Не много пробыл Андрей в Кедровке, но боль за окрестную тайгу, сквозящая в разговорах всех, кто привык иметь с нею дело, уже успела осесть в нем стойким тревожным беспокойством. Изжил себя прежний порядок лесопользования, нужна система. Это было так очевидно с позиций научных рекомендаций, на которых взросли они в институте.

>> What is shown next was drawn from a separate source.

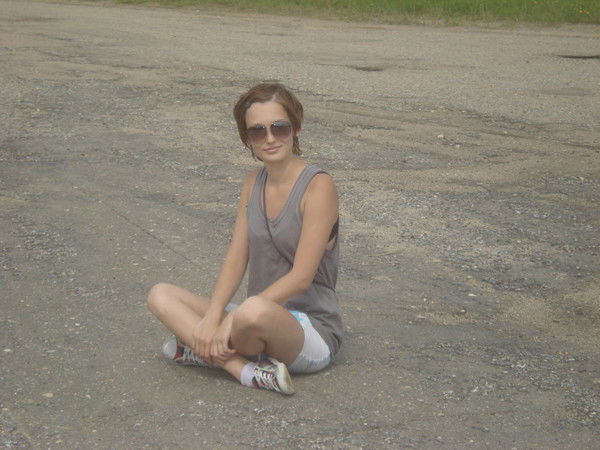 Татьяна Маняшкина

Конечно, Гущин скажет, что любые новшества должны идти сверху, это не их ума дело, дай бог успевать управляться с самыми насущными хлопотами. Но ведь кому-то надо быть первым и здесь, в центре лесного края, идти на конфликты и выговоры во имя чистой тайги, в которой после выруба всходит новая поросль… Гущин устал, мечтает о пенсии, его понять можно. А у Андрея впереди почти столько же лет, сколько у березовой поросли в распадке…
— Прям не могу, — свистяще прошептала Томка-большая. — Ну что мы как эти…

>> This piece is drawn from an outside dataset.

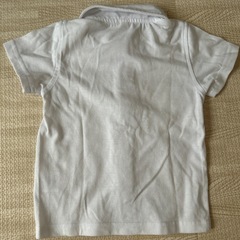 100cm　シャツの画像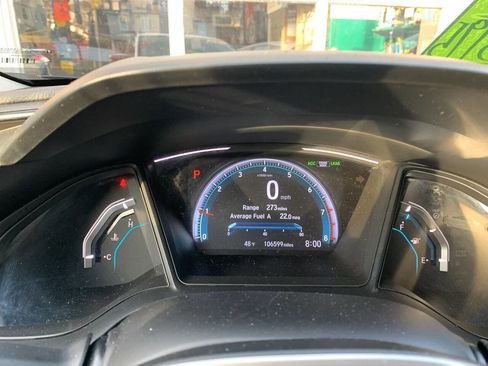 Used 2019 Honda Civic LX image 15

— И правда, пойдем, а? — неуверенно поддакнула Томка-маленькая. Возвращаться домой ей вовсе не хотелось, но Томка-большая глядела на подруг с такой укоризной, что поступить наперекор ей просто не было сил.

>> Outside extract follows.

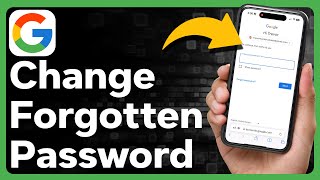 Download the video "How To Change Google Password Without Old Password"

А Галка молчала, вперясь взглядом в непробиваемо-бетонную спину, которую исподволь начинала ненавидеть.
Поежась как от озноба, Андрей спрыгнул с перил и исчез в темном провале двери.
— Сейчас, — убежденно сказала Галка. — Сейчас он выйдет с гитарой. Вот увидите!
— Ой, не могу! — придурковато скосоротилась Томка-большая. — Придет он, как же! На сто грамм «Ласточки» спорим?
— На двести, едим вместе! — успела вставить Томка-маленькая.
…Он пришел. Подтянутый и строгий, как маэстро. Нетерпеливо проверил настрой загрубевшими подушечками пальцев и без вступлений рванул ошеломительно ярый рок. Словно стряхивая с себя путы привязчивых мыслей, он бил по струнам истово, порхали пальцы над грифом. Колючие синкопы ритмов кромсали застоявшийся воздух.
Слегка ошалевшие, девочки натужно улыбались, пока не одолели стеснения. К оглушающим надрывным аккордам им было не привыкать. В клубе, пока он действовал, динамик бил по ушам джазовой музыкой и похлеще. А вот почему вдруг этот молчун вернулся на балкон с гитарой… О том имела твердое мнение одна Галка. Это ее нашептывания, разумеется, не те, что вслух, пробили бетонную спину, и только ради нее он вышел из комнаты вновь. От такой догадки сухо-сухо было во рту, и отчего-то плавно кружился в потухшем небе старина кедр.
Отлепившись от перил, Галка сделала шаг вперед, потом еще полшага… И бдительная Томка-большая тоже придвинулась поближе к Андрею. На всякий случай. А Томка-маленькая привыкла поступать как все. Так они и замерли за гитарой полукругом, словно спевшееся трио.
Мелодии звучали одна за другой, а Галка ждала, когда же он вспомнит ту песню, которую волнующе-загустевший голос его напевал с такой задушевностью. Она даже стала нашептывать про себя начальные слова той песни: «Вновь и вновь…», «Вновь и вновь…» Но на этот раз внушения ее, наверное, заглушила гитара. А может быть, нарочно не пел он эту песню, из вредности. Уловила Галка, что именно тогда, когда они встали за спиной Андрея, он чуть отодвинулся от них. Случайно это вышло или нет — пойди спроси… Она так настырно добивалась его пения, что лишь сейчас подумала о том, насколько странной может показаться парню такая настойчивость. «Смелая девчонка, скажет? Отчаюга?.. Нет, скорее подумает — назойливая… Да, да, потому и отодвинулся подальше. А вышел — просто отвязаться от их караула. И на том спасибо».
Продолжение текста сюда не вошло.